What needs to be done: Restate word for word the lines of the material below, from the line with "Levothyroxine malabsorption" to the line with "Nazar Boncuklu Kurt / Asena'nın Oyunu II", both lines included, and no others.

Exercise material:
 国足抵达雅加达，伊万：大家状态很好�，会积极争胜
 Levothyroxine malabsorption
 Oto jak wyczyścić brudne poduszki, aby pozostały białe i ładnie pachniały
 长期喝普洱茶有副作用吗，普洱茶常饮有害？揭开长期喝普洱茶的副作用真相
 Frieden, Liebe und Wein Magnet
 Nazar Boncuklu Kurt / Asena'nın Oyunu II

==

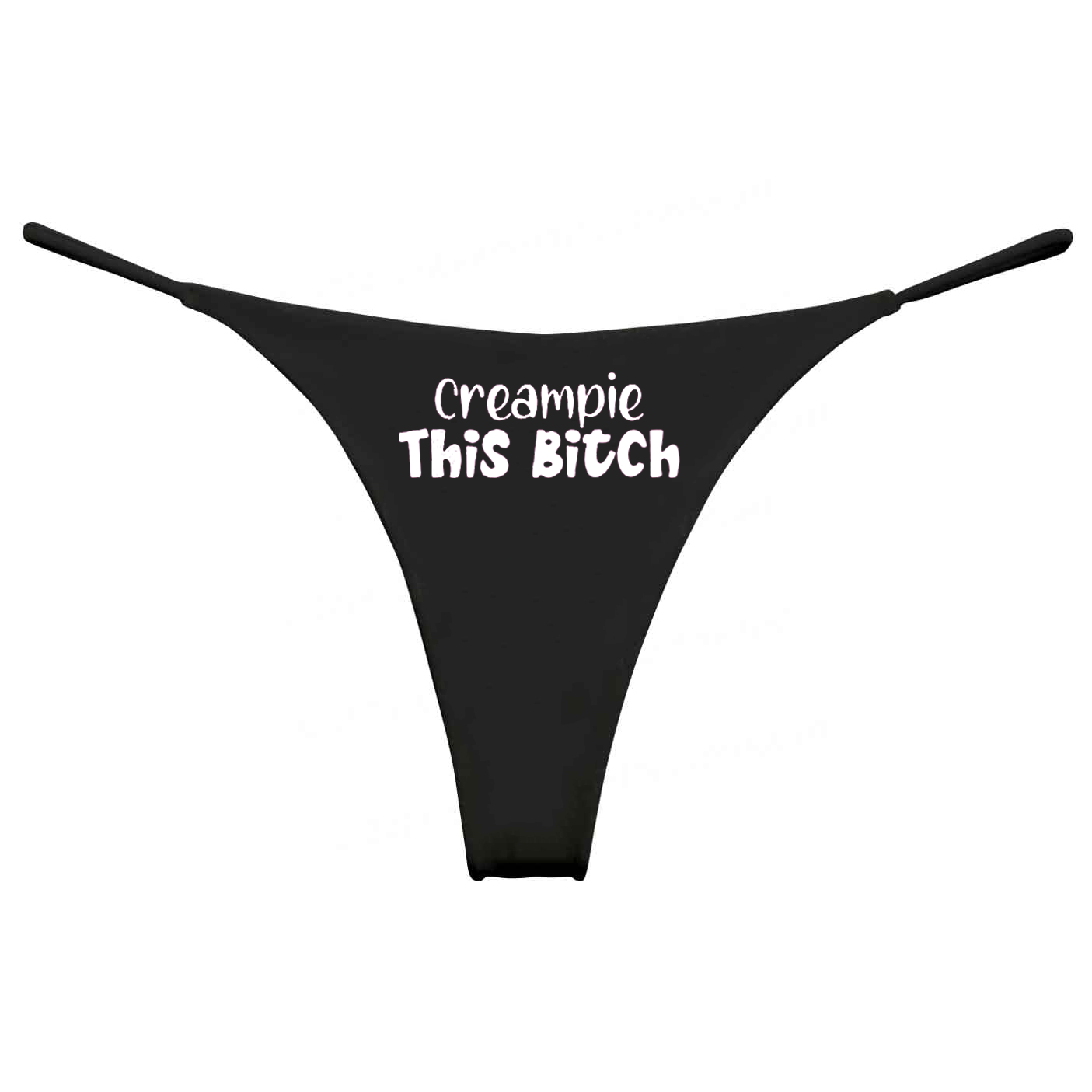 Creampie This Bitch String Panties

Exercise answer:
 Levothyroxine malabsorption
 Oto jak wyczyścić brudne poduszki, aby pozostały białe i ładnie pachniały
 长期喝普洱茶有副作用吗，普洱茶常饮有害？揭开长期喝普洱茶的副作用真相
 Frieden, Liebe und Wein Magnet
 Nazar Boncuklu Kurt / Asena'nın Oyunu II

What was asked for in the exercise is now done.